━━ Entries shown

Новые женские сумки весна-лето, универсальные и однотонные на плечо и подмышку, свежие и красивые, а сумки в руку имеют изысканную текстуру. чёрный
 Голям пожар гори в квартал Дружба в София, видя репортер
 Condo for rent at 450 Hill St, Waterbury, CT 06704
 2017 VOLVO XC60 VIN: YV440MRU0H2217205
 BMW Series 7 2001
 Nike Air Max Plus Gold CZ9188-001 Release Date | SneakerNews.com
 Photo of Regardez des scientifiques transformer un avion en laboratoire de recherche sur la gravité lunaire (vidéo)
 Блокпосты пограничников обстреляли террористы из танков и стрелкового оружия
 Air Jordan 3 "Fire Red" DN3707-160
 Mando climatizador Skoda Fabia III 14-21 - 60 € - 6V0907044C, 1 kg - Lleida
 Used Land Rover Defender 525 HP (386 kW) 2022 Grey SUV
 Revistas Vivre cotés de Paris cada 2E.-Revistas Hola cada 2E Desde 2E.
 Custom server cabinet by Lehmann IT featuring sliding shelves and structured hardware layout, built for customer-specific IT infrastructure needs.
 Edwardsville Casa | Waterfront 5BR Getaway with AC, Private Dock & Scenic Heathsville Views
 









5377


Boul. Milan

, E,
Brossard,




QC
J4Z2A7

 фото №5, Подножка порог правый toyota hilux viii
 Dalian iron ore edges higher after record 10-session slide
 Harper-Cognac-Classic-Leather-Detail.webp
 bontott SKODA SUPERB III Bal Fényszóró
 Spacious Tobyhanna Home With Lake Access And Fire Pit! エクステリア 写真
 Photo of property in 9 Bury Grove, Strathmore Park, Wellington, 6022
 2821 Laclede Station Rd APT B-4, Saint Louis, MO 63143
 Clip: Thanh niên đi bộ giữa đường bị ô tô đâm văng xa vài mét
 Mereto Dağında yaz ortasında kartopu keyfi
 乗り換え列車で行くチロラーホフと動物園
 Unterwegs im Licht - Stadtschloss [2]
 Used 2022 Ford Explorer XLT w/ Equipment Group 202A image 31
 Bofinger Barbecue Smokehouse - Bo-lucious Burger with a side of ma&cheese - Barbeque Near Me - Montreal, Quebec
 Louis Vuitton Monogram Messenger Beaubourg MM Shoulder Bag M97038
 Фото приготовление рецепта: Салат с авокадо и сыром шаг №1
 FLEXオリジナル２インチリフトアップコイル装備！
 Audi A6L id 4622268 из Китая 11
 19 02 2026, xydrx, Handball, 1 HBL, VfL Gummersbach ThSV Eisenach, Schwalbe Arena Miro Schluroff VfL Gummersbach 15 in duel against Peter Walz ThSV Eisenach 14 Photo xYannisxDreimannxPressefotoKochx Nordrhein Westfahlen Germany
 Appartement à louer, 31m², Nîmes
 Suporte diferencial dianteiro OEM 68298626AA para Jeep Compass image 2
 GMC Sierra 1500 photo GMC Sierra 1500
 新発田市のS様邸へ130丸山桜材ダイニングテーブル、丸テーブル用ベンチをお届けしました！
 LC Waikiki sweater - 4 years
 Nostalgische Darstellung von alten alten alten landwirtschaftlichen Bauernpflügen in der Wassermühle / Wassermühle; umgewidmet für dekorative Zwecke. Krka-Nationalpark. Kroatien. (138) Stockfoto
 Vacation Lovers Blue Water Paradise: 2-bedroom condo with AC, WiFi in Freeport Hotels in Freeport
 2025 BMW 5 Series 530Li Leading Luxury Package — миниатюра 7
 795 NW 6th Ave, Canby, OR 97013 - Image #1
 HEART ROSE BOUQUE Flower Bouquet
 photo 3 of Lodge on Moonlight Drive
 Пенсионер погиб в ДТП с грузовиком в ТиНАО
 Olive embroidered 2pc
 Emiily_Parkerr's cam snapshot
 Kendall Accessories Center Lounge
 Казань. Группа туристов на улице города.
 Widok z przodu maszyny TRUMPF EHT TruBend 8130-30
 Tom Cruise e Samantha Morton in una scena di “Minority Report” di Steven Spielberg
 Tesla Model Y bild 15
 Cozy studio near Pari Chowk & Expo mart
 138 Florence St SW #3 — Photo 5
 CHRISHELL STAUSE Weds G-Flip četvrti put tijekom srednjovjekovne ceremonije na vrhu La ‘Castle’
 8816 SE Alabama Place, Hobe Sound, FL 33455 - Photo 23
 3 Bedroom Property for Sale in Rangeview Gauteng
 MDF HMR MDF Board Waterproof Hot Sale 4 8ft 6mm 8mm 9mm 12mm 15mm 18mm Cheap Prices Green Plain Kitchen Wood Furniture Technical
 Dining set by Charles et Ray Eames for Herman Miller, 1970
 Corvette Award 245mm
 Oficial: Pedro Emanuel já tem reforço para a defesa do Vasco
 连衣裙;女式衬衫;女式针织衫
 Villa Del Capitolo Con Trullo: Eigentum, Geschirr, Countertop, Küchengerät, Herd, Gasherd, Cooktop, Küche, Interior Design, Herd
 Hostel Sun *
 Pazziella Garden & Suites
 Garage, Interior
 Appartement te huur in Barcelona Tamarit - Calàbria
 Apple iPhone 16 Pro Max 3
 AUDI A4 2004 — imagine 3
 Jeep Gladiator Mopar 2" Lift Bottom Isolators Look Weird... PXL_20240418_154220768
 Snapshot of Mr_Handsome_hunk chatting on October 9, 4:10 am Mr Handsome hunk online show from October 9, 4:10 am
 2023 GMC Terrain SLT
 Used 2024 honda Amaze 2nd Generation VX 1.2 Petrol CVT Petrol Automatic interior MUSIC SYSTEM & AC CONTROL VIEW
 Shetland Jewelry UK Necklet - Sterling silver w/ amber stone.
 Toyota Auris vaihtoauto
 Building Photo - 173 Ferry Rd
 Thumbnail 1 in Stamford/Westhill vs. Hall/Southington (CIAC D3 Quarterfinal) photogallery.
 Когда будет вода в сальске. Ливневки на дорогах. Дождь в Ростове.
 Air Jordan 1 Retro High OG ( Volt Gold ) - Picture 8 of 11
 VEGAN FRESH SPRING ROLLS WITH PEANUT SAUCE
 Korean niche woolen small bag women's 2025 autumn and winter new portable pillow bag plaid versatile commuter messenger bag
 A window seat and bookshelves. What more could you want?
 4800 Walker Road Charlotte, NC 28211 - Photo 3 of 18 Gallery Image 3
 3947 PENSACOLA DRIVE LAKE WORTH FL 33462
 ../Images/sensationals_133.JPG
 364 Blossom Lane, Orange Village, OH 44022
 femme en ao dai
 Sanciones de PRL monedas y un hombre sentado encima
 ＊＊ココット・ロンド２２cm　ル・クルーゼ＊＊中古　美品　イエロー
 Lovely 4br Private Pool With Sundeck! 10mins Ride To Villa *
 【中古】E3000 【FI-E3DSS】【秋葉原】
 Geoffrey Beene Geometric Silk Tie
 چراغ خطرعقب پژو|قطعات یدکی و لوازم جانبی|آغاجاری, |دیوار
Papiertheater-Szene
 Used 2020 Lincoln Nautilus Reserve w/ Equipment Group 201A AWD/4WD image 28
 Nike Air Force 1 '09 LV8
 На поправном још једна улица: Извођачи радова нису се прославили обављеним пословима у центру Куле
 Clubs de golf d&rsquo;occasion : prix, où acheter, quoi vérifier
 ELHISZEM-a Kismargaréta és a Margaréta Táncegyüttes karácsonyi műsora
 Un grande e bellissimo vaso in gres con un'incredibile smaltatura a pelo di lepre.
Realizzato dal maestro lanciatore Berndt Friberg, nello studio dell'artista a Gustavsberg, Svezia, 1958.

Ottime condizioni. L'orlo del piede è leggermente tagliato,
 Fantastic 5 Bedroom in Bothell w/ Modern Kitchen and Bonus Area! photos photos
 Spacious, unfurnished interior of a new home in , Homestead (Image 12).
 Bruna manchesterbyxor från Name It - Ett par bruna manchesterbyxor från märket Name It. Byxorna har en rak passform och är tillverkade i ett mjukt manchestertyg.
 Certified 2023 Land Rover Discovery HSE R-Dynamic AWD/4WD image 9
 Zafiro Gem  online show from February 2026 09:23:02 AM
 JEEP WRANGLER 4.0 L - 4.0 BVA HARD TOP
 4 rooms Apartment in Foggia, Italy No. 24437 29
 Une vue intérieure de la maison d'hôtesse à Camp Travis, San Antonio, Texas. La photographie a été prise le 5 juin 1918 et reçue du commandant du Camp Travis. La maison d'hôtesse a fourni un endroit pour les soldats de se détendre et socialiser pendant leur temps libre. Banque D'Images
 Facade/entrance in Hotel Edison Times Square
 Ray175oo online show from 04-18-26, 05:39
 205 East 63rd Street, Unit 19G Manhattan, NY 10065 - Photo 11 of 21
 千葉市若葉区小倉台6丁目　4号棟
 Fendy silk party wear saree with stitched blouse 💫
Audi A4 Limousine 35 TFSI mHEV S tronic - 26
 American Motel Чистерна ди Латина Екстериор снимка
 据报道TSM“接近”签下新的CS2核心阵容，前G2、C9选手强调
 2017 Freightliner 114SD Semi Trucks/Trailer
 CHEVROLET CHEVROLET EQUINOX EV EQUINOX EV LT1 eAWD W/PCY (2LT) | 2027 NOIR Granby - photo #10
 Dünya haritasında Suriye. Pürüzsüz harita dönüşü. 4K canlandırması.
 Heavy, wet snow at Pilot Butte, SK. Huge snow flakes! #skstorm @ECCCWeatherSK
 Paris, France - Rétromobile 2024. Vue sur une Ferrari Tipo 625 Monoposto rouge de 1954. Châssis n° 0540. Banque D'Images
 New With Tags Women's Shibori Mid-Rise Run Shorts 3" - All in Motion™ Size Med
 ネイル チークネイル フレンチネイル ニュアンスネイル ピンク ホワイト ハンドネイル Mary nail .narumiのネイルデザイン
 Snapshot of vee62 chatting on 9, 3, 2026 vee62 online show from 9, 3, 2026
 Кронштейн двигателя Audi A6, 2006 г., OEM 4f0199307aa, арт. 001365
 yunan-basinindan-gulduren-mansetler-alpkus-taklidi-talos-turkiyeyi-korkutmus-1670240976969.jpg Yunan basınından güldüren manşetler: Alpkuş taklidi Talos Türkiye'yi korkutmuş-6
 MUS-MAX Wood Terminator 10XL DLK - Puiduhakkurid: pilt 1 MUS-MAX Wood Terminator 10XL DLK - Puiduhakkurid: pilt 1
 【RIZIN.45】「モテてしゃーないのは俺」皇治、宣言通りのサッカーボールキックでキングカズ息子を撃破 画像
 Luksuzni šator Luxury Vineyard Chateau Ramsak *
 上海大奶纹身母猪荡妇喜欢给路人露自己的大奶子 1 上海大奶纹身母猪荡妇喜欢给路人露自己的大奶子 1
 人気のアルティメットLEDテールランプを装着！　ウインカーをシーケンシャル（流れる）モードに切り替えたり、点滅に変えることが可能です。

━━━━

# What the task requires
Write down again, exactly as given, only the lines above that fall from the line with "Appartement à louer, 31m², Nîmes" to the line with "Vacation Lovers Blue", inclusive.

# Result of the task
 Appartement à louer, 31m², Nîmes
 Suporte diferencial dianteiro OEM 68298626AA para Jeep Compass image 2
 GMC Sierra 1500 photo GMC Sierra 1500
 新発田市のS様邸へ130丸山桜材ダイニングテーブル、丸テーブル用ベンチをお届けしました！
 LC Waikiki sweater - 4 years
 Nostalgische Darstellung von alten alten alten landwirtschaftlichen Bauernpflügen in der Wassermühle / Wassermühle; umgewidmet für dekorative Zwecke. Krka-Nationalpark. Kroatien. (138) Stockfoto
 Vacation Lovers Blue Water Paradise: 2-bedroom condo with AC, WiFi in Freeport Hotels in Freeport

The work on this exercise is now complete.